À l’aide d’un contextualisation
très fine, on comprend que chaque texte porte une pensée, mais aussi des
arrière-pensées, tournées vers une action contemporaine à leur écriture.
Richelieu mit ainsi en place une véritable stratégie de persuasion pour
subvertir la légitimité de ses ennemis. Ces postures d’énonciation, jamais loin
de l’imposture, dilatent ainsi l’événement
sur plusieurs semaines à mesure que les pamphlets, les livres, les
mémoires sont diffusés dans l’espace public.
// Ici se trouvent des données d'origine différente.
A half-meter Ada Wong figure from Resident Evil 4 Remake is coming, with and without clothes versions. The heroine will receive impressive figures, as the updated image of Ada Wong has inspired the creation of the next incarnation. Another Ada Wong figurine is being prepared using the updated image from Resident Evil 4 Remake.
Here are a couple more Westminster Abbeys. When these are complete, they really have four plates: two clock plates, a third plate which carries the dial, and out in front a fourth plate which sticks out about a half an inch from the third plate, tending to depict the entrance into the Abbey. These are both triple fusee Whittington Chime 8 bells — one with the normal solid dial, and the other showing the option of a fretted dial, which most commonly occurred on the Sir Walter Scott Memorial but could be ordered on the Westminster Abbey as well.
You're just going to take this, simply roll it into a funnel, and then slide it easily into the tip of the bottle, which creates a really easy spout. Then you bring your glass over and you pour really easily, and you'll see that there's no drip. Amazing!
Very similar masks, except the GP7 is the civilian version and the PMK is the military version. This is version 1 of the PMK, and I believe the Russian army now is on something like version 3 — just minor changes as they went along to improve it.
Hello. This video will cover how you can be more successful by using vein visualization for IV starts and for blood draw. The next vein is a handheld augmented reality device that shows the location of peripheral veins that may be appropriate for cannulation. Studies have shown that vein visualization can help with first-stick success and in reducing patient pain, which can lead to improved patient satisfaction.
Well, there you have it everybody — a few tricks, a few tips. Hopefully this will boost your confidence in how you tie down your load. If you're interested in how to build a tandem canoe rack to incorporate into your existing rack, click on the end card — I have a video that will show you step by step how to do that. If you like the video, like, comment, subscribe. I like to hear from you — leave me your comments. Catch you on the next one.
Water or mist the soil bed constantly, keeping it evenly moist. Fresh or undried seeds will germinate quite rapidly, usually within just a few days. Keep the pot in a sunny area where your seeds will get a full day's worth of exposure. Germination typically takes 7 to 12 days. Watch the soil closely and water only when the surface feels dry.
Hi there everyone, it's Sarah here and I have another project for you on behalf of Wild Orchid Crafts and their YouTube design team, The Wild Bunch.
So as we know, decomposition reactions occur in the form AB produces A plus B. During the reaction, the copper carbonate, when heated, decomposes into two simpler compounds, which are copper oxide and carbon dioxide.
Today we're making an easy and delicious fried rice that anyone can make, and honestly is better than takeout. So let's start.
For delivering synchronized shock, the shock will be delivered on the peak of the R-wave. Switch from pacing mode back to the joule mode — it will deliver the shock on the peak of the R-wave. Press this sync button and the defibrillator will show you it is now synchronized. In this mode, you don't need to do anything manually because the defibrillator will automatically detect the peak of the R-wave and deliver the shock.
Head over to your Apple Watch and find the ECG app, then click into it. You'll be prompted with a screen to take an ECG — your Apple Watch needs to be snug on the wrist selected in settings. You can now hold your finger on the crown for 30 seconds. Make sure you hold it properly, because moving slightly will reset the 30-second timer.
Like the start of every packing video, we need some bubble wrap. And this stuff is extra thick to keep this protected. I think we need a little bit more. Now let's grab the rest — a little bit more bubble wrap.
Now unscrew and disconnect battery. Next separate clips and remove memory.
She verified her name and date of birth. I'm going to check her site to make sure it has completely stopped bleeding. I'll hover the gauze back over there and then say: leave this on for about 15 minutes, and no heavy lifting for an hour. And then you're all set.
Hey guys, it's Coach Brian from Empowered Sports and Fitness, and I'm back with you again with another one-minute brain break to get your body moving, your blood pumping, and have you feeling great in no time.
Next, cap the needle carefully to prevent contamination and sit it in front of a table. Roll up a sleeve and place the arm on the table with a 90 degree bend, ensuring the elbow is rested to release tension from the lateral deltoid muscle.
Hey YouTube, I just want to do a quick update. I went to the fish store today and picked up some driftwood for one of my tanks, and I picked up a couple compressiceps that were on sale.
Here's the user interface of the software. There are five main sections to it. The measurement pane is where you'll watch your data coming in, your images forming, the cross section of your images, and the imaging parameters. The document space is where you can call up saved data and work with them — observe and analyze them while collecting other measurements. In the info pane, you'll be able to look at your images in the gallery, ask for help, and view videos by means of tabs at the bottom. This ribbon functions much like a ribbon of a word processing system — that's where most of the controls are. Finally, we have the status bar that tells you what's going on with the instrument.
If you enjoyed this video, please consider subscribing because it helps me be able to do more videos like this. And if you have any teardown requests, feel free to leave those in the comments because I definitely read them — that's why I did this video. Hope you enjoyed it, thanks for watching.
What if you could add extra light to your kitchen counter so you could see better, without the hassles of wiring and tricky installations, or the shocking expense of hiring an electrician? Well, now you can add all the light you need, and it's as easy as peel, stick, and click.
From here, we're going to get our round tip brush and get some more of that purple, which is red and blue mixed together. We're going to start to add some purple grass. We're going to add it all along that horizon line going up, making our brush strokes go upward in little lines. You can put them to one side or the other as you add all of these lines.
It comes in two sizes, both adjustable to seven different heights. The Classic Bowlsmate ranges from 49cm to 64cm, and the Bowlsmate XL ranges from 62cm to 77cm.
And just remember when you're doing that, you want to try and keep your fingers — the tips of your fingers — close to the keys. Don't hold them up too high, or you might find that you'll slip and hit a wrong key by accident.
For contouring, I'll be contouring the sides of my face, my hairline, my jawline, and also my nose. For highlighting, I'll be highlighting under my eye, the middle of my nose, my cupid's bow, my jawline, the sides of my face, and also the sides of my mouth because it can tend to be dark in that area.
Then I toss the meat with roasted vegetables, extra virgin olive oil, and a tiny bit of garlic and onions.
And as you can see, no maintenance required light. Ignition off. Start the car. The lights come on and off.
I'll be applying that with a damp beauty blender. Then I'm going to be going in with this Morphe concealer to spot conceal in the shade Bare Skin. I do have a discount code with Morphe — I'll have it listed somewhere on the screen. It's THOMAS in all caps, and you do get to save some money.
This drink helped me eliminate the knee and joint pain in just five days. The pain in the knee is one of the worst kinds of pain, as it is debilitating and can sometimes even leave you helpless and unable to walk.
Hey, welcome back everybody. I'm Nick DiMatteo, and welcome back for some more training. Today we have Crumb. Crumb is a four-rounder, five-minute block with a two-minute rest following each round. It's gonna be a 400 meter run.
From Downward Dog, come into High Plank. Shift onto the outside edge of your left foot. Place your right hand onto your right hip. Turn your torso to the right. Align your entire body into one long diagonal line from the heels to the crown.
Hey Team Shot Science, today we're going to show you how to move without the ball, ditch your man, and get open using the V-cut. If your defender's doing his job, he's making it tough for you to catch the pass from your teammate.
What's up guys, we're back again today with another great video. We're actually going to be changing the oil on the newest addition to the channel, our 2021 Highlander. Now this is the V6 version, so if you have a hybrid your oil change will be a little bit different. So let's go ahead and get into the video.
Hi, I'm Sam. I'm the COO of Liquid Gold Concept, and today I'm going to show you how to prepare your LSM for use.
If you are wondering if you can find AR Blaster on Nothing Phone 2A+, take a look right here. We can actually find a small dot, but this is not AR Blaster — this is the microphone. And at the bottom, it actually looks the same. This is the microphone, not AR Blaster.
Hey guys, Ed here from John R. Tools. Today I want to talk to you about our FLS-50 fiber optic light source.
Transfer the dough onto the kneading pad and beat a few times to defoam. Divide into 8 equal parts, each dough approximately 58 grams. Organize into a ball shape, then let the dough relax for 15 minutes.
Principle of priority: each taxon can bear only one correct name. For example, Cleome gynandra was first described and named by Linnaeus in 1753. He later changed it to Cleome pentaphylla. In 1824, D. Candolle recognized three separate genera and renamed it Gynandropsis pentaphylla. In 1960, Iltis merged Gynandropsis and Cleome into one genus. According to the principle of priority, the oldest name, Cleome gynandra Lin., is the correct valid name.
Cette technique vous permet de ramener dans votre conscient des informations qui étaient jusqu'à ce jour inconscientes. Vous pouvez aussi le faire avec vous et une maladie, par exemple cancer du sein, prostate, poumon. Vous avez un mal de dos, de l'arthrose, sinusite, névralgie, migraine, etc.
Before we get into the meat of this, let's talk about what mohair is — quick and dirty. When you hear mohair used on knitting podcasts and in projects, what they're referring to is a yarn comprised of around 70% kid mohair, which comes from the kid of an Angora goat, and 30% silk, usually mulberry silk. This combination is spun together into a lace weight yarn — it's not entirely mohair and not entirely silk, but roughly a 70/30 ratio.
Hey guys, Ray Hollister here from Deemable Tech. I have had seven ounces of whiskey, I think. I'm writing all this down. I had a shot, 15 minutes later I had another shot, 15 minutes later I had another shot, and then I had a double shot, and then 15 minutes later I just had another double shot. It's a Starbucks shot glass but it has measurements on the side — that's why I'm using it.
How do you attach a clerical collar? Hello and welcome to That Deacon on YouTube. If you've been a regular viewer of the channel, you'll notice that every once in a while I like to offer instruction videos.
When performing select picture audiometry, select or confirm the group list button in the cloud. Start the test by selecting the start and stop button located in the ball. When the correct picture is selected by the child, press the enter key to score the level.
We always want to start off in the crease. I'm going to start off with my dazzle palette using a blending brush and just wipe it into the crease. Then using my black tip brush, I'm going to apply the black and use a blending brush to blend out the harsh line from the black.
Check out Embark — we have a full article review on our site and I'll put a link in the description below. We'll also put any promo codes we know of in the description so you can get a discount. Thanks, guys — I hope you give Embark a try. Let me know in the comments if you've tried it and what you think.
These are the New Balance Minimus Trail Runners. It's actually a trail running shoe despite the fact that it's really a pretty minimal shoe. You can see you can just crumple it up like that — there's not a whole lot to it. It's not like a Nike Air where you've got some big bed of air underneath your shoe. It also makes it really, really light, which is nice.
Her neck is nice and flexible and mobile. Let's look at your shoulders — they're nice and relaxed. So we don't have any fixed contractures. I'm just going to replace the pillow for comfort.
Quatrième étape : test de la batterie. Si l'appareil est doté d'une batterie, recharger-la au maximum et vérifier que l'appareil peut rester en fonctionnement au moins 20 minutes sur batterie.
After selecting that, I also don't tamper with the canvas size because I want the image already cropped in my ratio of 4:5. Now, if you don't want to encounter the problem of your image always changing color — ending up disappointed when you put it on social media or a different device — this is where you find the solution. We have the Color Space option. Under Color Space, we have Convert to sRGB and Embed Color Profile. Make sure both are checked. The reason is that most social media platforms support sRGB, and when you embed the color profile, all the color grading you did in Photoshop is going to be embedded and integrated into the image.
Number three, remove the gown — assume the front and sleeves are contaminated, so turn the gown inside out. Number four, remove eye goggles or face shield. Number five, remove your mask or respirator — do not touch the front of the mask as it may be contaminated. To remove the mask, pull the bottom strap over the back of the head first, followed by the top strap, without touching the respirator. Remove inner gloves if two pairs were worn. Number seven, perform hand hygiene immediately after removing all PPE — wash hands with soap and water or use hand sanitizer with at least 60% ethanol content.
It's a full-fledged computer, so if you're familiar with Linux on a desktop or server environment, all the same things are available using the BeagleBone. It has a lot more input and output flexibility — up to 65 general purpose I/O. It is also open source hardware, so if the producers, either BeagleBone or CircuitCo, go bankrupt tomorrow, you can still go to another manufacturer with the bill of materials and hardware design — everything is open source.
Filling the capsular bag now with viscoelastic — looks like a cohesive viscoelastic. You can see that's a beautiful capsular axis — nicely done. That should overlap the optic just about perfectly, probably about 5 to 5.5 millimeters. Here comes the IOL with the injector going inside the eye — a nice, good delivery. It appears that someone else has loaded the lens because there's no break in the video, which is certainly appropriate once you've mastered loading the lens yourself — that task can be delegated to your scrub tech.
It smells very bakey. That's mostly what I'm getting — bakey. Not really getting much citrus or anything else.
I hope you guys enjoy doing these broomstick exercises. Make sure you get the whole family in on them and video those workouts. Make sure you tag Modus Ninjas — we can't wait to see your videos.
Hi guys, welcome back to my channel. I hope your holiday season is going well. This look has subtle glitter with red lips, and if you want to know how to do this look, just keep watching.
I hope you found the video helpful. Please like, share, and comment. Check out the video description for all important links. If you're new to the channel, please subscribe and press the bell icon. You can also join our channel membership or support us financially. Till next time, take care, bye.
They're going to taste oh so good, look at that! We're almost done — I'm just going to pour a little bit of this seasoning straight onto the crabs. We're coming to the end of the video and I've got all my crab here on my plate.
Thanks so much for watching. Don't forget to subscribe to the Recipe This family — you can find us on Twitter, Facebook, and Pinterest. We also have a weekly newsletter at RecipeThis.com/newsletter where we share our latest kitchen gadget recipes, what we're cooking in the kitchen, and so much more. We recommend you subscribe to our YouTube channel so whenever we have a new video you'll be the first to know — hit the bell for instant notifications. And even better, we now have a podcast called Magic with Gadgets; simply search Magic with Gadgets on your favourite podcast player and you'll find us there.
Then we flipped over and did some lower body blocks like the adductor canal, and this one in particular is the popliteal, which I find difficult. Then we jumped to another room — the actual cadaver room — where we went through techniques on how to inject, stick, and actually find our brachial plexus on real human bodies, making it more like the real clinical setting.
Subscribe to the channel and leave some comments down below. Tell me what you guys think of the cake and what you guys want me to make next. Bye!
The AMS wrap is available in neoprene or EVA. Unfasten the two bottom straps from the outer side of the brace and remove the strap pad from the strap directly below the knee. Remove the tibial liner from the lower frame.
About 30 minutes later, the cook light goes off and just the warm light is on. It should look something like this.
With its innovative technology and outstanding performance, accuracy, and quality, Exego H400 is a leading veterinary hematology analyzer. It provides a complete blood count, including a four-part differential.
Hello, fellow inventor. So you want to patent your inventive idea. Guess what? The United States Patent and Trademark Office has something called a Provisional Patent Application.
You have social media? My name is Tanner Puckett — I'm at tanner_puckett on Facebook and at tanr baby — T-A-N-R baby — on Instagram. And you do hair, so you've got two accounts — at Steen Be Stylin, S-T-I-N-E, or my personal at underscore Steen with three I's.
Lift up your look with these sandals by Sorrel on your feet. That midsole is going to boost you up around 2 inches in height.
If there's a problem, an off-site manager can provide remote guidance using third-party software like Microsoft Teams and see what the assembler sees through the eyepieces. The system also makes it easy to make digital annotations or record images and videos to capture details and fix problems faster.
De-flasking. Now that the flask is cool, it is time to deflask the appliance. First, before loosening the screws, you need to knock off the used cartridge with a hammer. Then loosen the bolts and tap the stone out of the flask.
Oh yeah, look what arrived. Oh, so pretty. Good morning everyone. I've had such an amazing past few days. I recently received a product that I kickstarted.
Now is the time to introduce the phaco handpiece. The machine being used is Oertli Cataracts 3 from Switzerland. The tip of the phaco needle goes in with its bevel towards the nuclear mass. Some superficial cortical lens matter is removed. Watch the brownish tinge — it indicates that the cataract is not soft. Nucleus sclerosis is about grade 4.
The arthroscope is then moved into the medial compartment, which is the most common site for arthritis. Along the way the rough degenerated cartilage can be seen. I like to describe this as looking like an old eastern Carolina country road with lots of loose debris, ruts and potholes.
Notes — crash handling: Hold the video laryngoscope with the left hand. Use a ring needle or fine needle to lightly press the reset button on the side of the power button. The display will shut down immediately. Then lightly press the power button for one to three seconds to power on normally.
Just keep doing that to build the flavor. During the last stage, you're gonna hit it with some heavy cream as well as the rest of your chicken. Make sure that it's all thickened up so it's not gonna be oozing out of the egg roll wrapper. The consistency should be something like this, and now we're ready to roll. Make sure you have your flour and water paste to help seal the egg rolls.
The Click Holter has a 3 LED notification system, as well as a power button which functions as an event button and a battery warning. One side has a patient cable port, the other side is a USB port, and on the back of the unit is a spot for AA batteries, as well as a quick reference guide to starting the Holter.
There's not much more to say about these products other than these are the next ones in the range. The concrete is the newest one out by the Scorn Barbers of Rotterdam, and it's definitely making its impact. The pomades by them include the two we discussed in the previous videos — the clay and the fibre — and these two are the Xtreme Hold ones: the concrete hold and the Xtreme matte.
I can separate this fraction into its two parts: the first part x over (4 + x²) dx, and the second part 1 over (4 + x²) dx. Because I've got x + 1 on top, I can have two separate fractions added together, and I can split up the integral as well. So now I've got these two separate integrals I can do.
Le Mercure français, l’un des premiers périodiques, derrière un récit
apparemment objectif des faits,
incorpore un schéma d’interprétation de l’histoire qui est, dès lors,
présentée comme fatidique.
Véritable plongée dans le travail
de l’historien, ce livre rompt avec la linéarité du récit, préférant donner à l’histoire
un caractère certes plus cubiste mais qui sait se déjouer des pratiques
d’intoxication venues du centre du pouvoir. Au final, dans les sources,
Richelieu l’emporte par l’évidence de l’utilité de son service comme s’il
n’avait pas entrepris une lutte à mort
pour s’imposer auprès du roi et auprès de nous, quatre siècles plus tard.
Cet essai, parfois complexe,
mérite une lecture attentive car il donne le meilleur de ce que le GRIHL
(Groupe interdisciplinaire sur l’histoire du littéraire) a pu nous apprendre
sur notre nécessaire distance avec les textes.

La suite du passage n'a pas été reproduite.